:: Prompt ::
The output should match, line for line, the records from the line containing "In inventory management, none" through the line containing "Hi guys, I'm", with every picture left out.

:: Records shown ::

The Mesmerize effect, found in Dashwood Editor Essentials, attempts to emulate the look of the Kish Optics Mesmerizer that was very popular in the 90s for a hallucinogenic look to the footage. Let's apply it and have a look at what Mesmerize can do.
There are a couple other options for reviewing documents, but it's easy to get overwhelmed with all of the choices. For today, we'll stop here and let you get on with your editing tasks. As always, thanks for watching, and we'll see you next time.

* * *

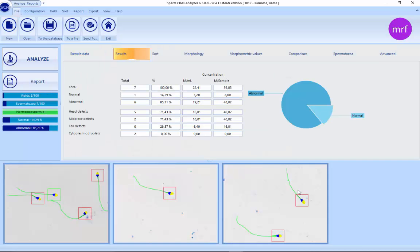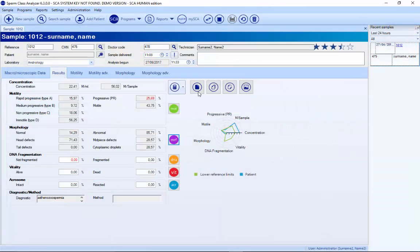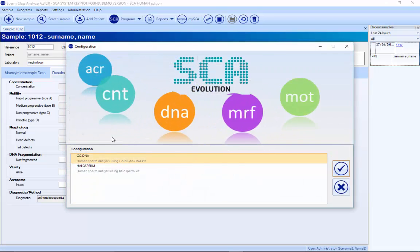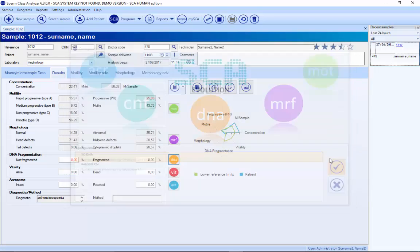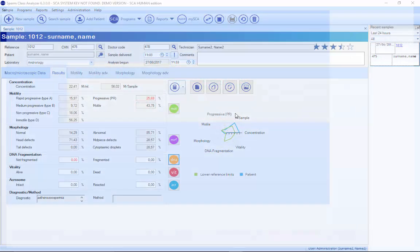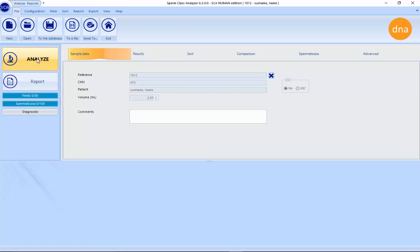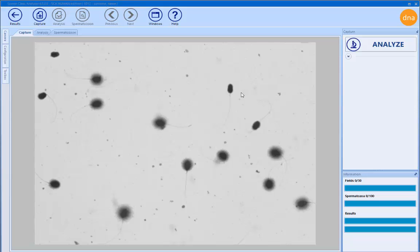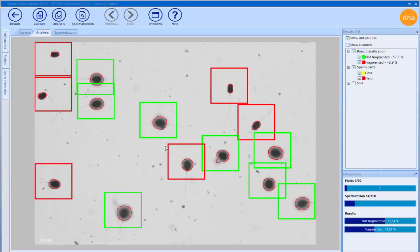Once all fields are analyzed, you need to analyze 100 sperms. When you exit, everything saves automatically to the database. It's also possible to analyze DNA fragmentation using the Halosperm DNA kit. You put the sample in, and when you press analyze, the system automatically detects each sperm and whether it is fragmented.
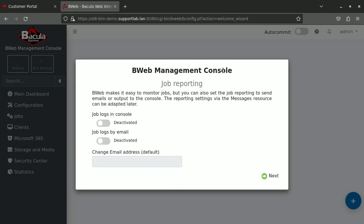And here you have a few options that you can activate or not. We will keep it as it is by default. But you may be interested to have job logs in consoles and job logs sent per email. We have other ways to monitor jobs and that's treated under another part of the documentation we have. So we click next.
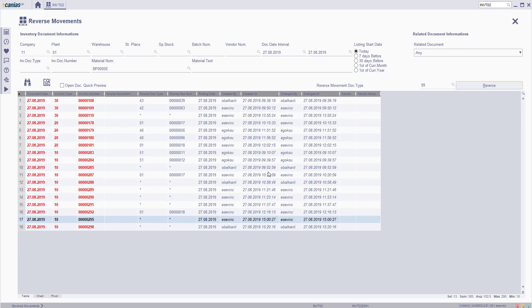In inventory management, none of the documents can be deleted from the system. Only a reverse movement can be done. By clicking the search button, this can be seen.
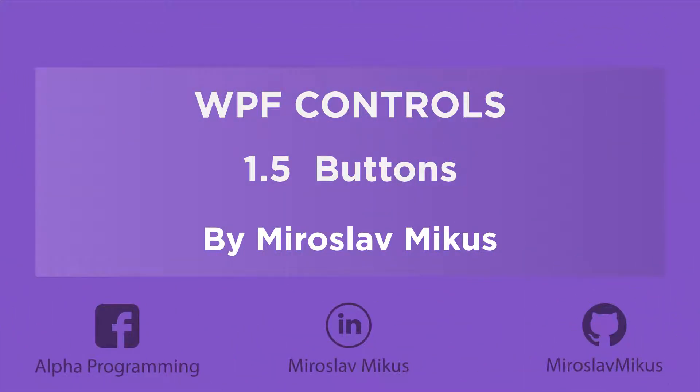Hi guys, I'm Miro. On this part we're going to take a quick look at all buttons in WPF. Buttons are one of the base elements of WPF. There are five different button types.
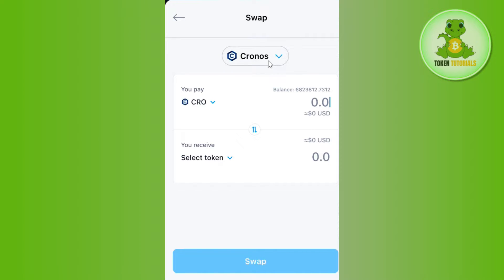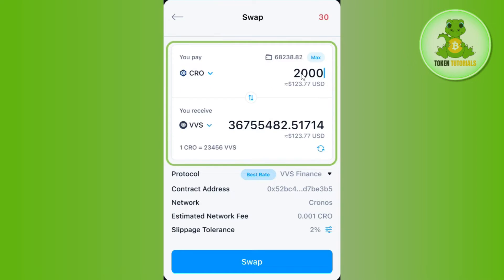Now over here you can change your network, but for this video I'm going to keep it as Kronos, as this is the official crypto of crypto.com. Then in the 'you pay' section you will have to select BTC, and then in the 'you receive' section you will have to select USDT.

:: Answer box ::
In inventory management, none of the documents can be deleted from the system. Only a reverse movement can be done. By clicking the search button, this can be seen.
Hi guys, I'm Miro. On this part we're going to take a quick look at all buttons in WPF. Buttons are one of the base elements of WPF. There are five different button types.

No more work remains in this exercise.